Thursday, September 11, 2008
now you're gone,
i wonder why,
you left me here,
i think about it on and on and on and on again
i know you're never coming back,
i hope that you can hear me,
i'm waiting to hear from you
until i do
you're gone away
i'm left alone
a part of me is gone
and i'm not moving on
so wait for me
i know the day will come
i'll meet you there
no matter where life takes me to
i'll meet you there
and even if i meet you here.
i'll meet you there.
i wish i could have told you
the things i kept inside
now i guess its just too late
so many things remind me of you
i hope that you can hear me
i miss you
this is goodbye
one last time
you're gone away
i'm left alone
a part of me is gone
and i'm not moving on
i know the day will come
i'll meet you there
no matter where life takes me to
i'll meet you there
and even if i meet you here
i'll meet you there
no matter where life takes me to
i'll meet you there
and even if i meet you here
i'll meet you there
i'll meet you there...
and where i go you'll be there with me
forever you'll be right here with me
i'll meet you there no matter where life takes me to.
i'm sorry.
that day...i was confused that day cause of the way you spoke to me
its just i dunno what to do now.
its not your fault, never your fault.
somehow this kinda reminded me.about the past.

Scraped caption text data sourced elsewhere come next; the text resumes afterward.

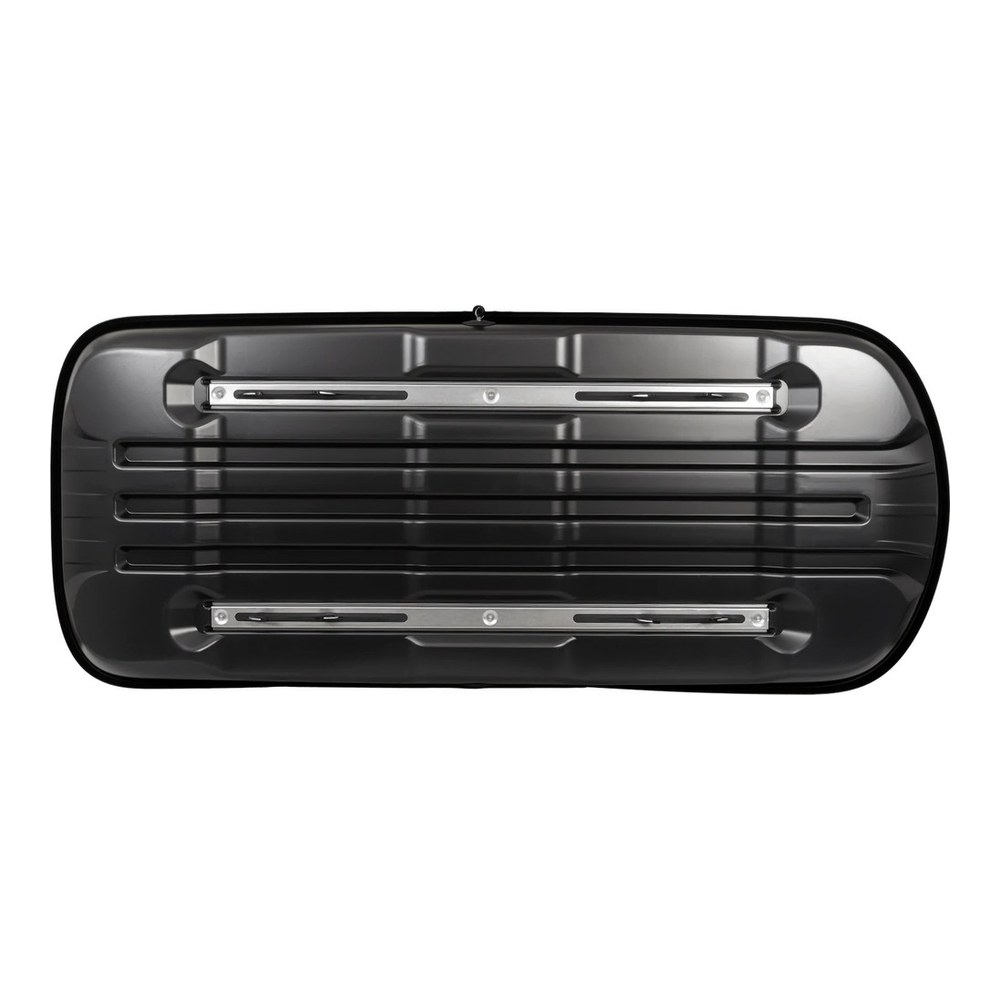 Box dachowy Inter Pack Traxer 5.6 antracyt - 370L – box zainstalowany na dachu samochodu, widok z boku w plenerze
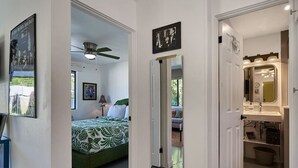 A bedroom with a bed, a ceiling fan, and a window.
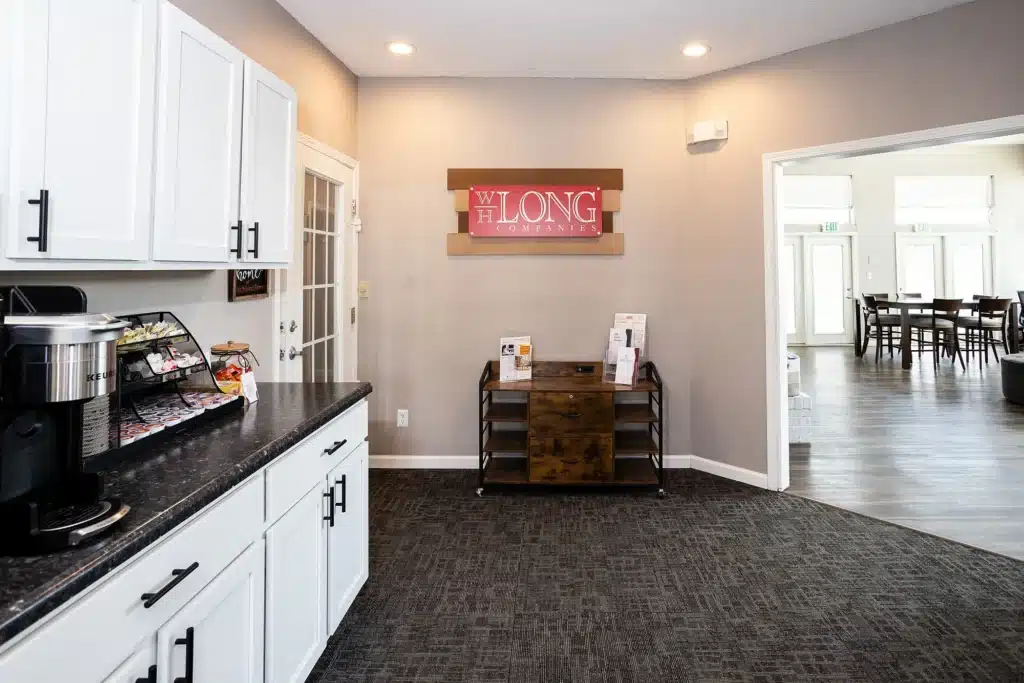 Office kitchenette area with white cabinets, coffee station, and brochures on a cart; adjoining room visible through wide doorway with tables and chairs.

i would post on my blog and you would post about it.
i know i'm boring and stuff its cause...
i'm afraid i might offend you or you might find me weird or smth.
its just...i dunno...
everything is going wrong now.
i wanted to show you a letter. but i told someone to get rid of it.
because i thought. that everything that i do now.. is meaningless.
nothing can change the fact that i am me. and he is he and you are you
i read everything you said over and over again maybe to see a hope.
everytime i read it i feel the pain i felt at that time again and again.
i don't know what you want.but i tried to find out.
i'm not open. but i'm learning from others.
its because... i've never been so close to someone before..
i miss you. but does it matter to you?
i promised you,but does it matter to you?